With the current UART hardware, which has a tentative compat string of 
"sifive,uart0", we need to determine that the shift registers has drained in an 
open-loop manner (ie, just wait for a bit).  This is ugly.  I'd like to spin a 
minor version of the UART that just has an extra control bit made available to 
software that tracks when the shift register drains, but since the drivers for 
the old version would be compatible it seems like calling that "sifive,uart1" 
is too big of a version jump.  Of course the Linux OF infrastructure assigns no 
semantic meaning to compat strings so it doesn't matter here, but we use device 
trees all over the place 

Thus, I thought that if we were going to change the naming scheme that we might 
as well go put in a minor version number just to be safe.  Sorry if that's a 
bit too much info... :)

Of course, this is all open source RTL so you can just see what's going on 
here in the PLIC

    https://github.com/freechipsproject/rocket-chip/blob/384096a6a73f0e94d6f7bd4bc9cc422e0a213e88/src/main/scala/devices/tilelink/Plic.scala#L69

and in the UART

    https://github.com/sifive/sifive-blocks/blob/master/src/main/scala/devices/uart/UART.scala#L91

We'll change the name generated by the hardware to match whatever's decided on 
here, so there won't be a rift between the hardware and the software.

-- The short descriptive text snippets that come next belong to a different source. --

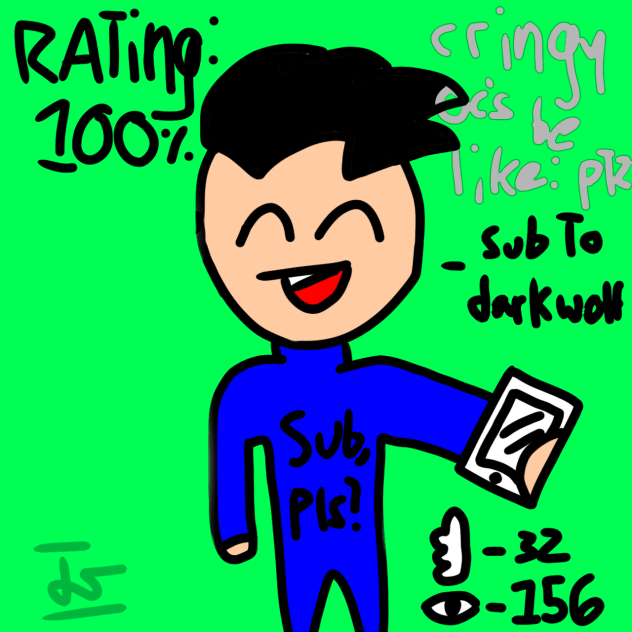 Cringy ocs be like jr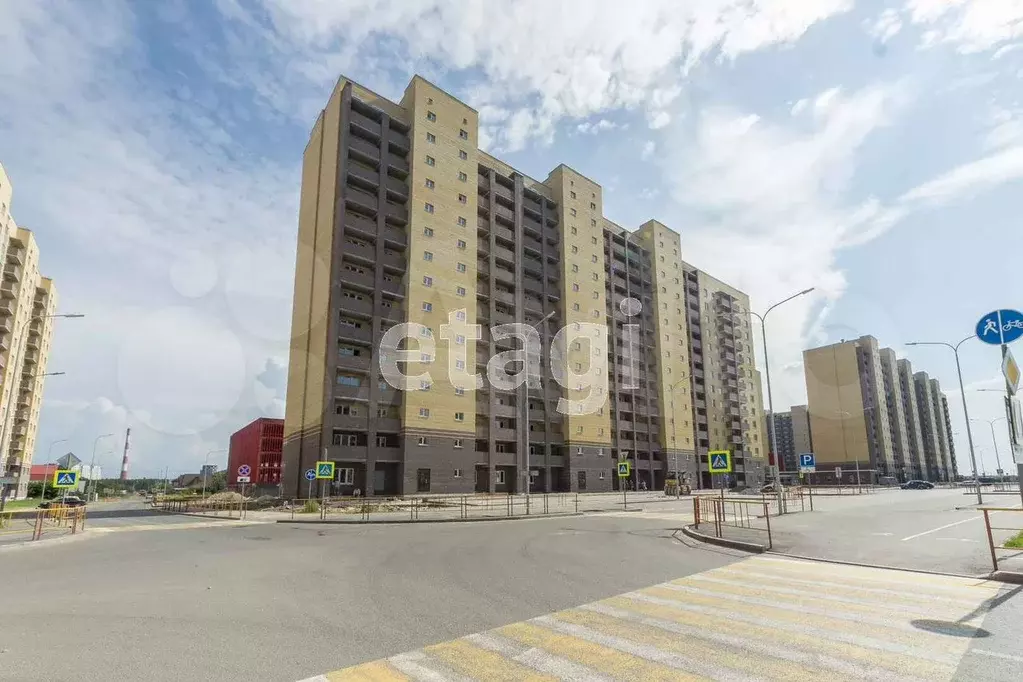 1-к. квартира, 44,1 м, 10/14 эт. - Фото 1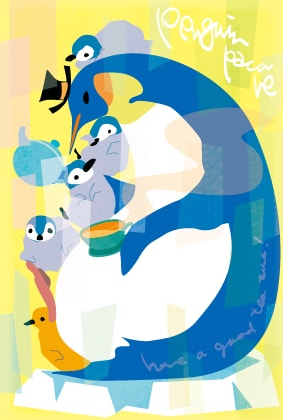 動物のデフォルメイラスト作成します リアルさもかわいさも!ベクターイラストも対応可 イメージ2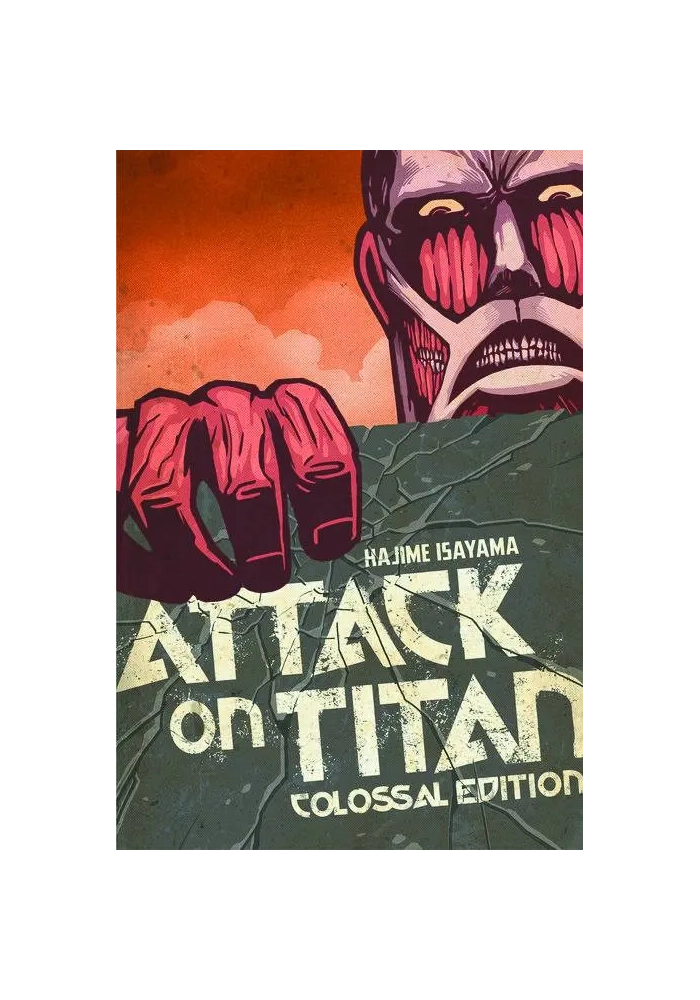 ATTACK ON TITAN COLOSSAL ED TP VOL 01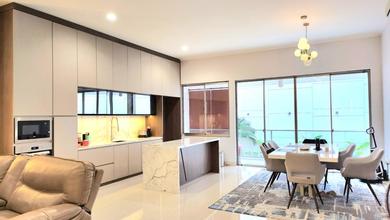 Sewa Rumah Pantai Indah Kapuk Golf Island 10X25 Furnish Mewah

This actually brings up an issue with the standard naming scheme, which in this 
cause would be something like "sifive,u540-c000-plic": the RTL is open source, 
so anyone can go build a chip with it at any time.  I've been operating under 
the impression that it will be impossible to maintain a central database of all 
implementations, so the fallback name will be the defacto name that becomes the 
interface.

I'd be happy to put a "sifive,u540-c000-plic" in there (I'd called in 
"sifive,u540-c000,plic" before, but that's just me not knowing the standard 
naming scheme) just to make sure we have a specific name.  We at SiFive can 
make sure we provide sane unique names for all our implementations, but I think 
we also really need to hammer out what the general compat string is because I 
don't think we can rely one everyone to do that.

There are devices that are very specific to a chip, and there we will have 
chip-specific names for them -- for example the PRCI (power, reset, clock and 
interrupt) block is different for pretty much every chip, so it'll be called 
something like "sifive,u540-c000-prci" (or maybe "sifive,aloe-prci", depending 
on whether we want to use engineering code names or marketing names in the 
bindings, which is a debate for later).  I'm less worried about these, though, 
as people building chips must pay a lot of attention to things like clock 
muxing so they're unlikely to accidentally end up with one floating around.

> And defining a version 2 when you find a quirk doesn't work. You've
> already shipped the DT. You need to be able to fix issues with just an
> OS update. This is why you are supposed to define a compatible string
> for each and every SoC (and use a fallback when they are "the
> same"TM).

Yes, of course -- we actually put the DTB in ROM on the chips, so there's 
really no option to change it aside from hacking up something nasty in the 
bootloader.  We're doing this for the u540-c000 because we haven't standardized 
the bindings.  There aren't that many u540-c000s in the wild so I'm OK 
shouldering the burden of making everyone upload their bootloaders with 
whatever workarounds are necessary to boot an upstream kernel.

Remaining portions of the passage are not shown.